After Mrs. Birling learns that she refused help to this girl in a time of desperate need, she shows no remorse the same as her husband, showing the audience the huge generation gap and attitudes that have developed in Sheila, Gerald and Eric. The Inspector then reveals the twist in the story of how it was Eric who got Daisy/Eva pregnant and it was then that she took her and her un-born child’s life as she was far too poor to look after herself- let alone a baby. Mr. and Mrs. Birling are devastated and concerned for their family’s reputation-more than their responsibility in the whole thing!
Eric and Sheila unite as the younger generation- and of course siblings- against their parents and rebel against almost everything they say. They realise that they need to change as people as it is too late for their narrow minded; quite harsh parents and with this truth and acceptance of responsibility is the way to do this.

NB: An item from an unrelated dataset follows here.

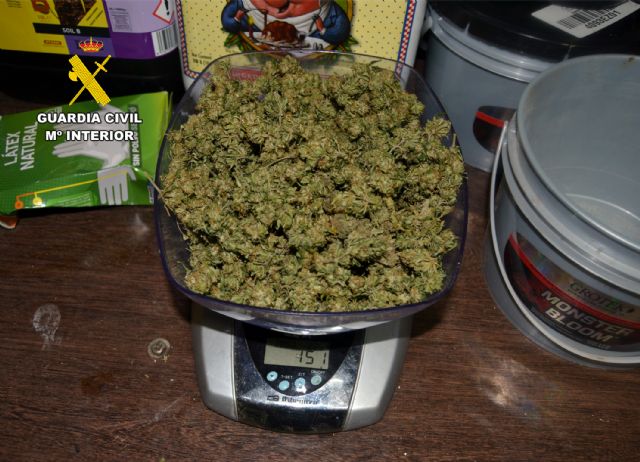 La Guardia Civil desmantela en Abanilla un grupo delictivo que cultivaba gran cantidad de marihuana - 3, Foto 3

All of these important issues that Priestly based ‘An Inspector Calls’ around are very resonant to the society we live in today. Although we have moved on hugely from when the play was set in 1912 there are still severe un-equalities in the world surrounding class division as well as gender hierarchy and the relevance of shared responsibility will always apply to society; Priestley’s play will always very rightly remind the audience of the importance of such serious issues. The audience witness Sheila’s character go on a huge journey from being told what to do and say and even how to think and feel to becoming and independent more open minded confident women. Then main issue I feel is that class is not everything, Eva Smith and Sheila where practically the same person but just from a different class. But because of them being from different classes it made them out to be very different women, the classism is in fact dangerous, suffocating, retrograde thing that class barriers should be broken down in the interests of building a better, fairer society.